La sindaca Femke Halsema si è già espressa favorevolmente verso questa ipotesi. Anche il Partito del Lavoro (PvdA) ha dichiarato in passato di essere disposto a sostenere un divieto almeno nel centro storico, dove si concentra la maggior parte dei coffee shop. Non tutti i partiti, però, condividono questa posizione: i liberaldemocratici di D66 e i Verdi di GroenLinks, che secondo i sondaggi potrebbero ottenere un buon risultato elettorale, sono contrari alla misura.
Al contrario, altri gruppi politici, tra cui il VVD e il CDA, appoggiano l’introduzione del divieto. Questo equilibrio potrebbe trasformare la questione in uno dei temi principali nelle trattative per formare la nuova coalizione di governo cittadina dopo le elezioni.
La sindaca, pur avendo la possibilità di intervenire autonomamente, ha dichiarato che preferirebbe adottare una decisione solo con il sostegno del consiglio comunale. Intanto diversi esperti hanno espresso dubbi sull’efficacia del provvedimento. Il criminologo Dirk Korf, che ha analizzato situazioni simili nel sud dei Paesi Bassi, ritiene che un divieto rischierebbe di avere effetti indesiderati.
Secondo Korf, limitare l’accesso ai coffee shop potrebbe favorire nuovamente lo spaccio illegale nelle strade. Prima della regolamentazione dei locali autorizzati, infatti, il commercio clandestino di cannabis era molto diffuso. L’esperto cita l’esempio della città di Lelystad, dove per un periodo non esistevano coffee shop: in quel momento, racconta, gli spacciatori erano numerosi, ma con l’apertura del primo locale autorizzato il fenomeno sarebbe diminuito.

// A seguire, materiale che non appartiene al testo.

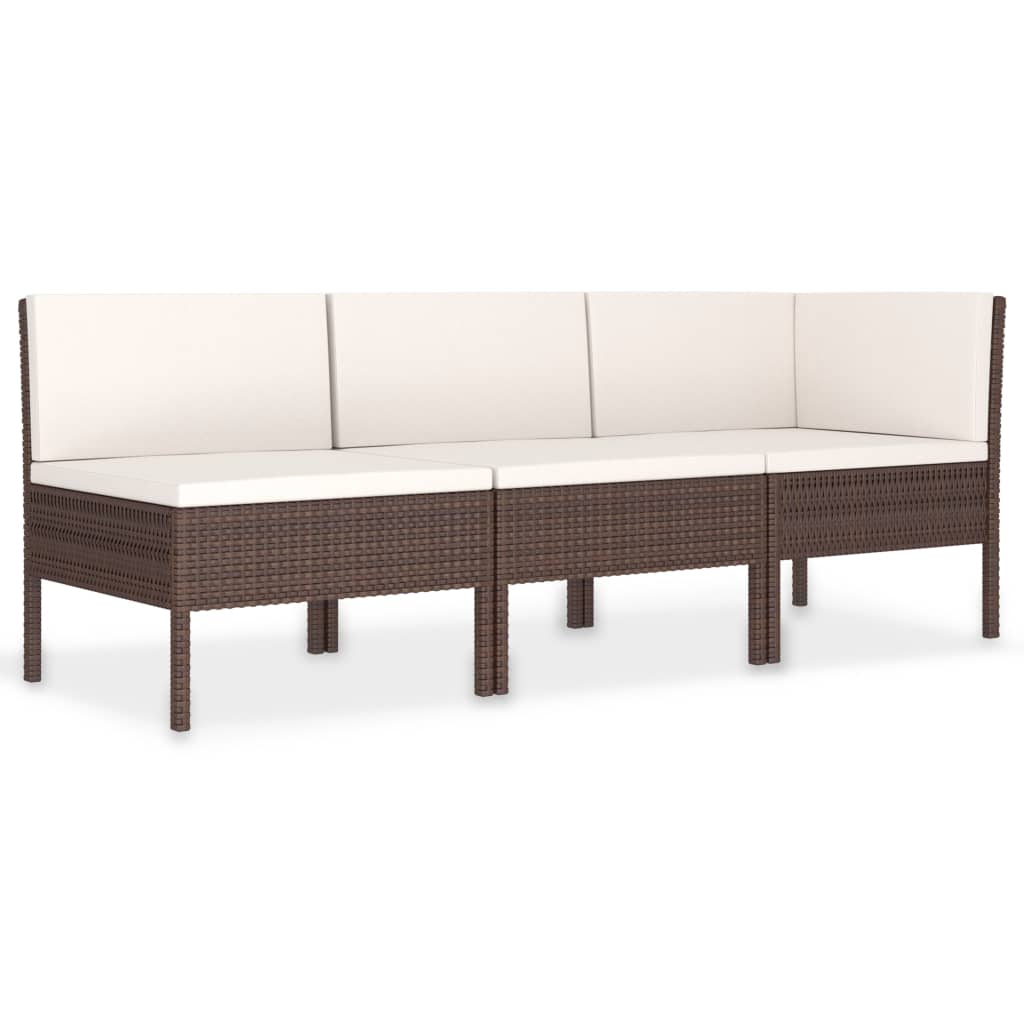 3-delige Loungeset met kussens poly rattan bruin - Griffin Retail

Diversa l’opinione di alcuni residenti del centro storico. Dingeman Coumou, rappresentante dell’associazione dei cittadini di Oude Stad, sostiene che vietare l’ingresso ai turisti potrebbe contribuire a ridurre il numero di visitatori interessati solo alla vita notturna e alla cannabis. Secondo alcune analisi citate dal quotidiano Parool, infatti, una parte di questi turisti sceglierebbe altre destinazioni, con l’obiettivo — secondo i residenti — di rendere il centro città più vivibile.

Il possibile divieto non rappresenta una novità assoluta nel panorama politico cittadino. La questione era emersa con forza già nel 2012, quando il governo olandese introdusse il sistema del “wietpas”, una tessera che limitava l’accesso ai coffee shop ai soli residenti dei Paesi Bassi. In quell’occasione molte città del sud del Paese adottarono la misura per contrastare il turismo della droga proveniente dai Paesi confinanti, mentre Amsterdam scelse di non applicarla temendo che il provvedimento potesse alimentare il mercato illegale e danneggiare l’economia turistica.
Negli anni successivi il tema è riemerso ciclicamente nel dibattito pubblico: nel 2019 l’amministrazione comunale avviò nuove valutazioni sulle strategie per ridurre gli eccessi del turismo di massa nel centro storico, e nel 2020 la sindaca Femke Halsema presentò uno studio che ipotizzava diverse opzioni, tra cui proprio la limitazione dell’accesso ai coffee shop per i visitatori stranieri. Anche nel 2021 la proposta è stata nuovamente discussa all’interno del consiglio comunale come possibile strumento per contenere il turismo legato esclusivamente al consumo di cannabis, senza però arrivare a una decisione definitiva.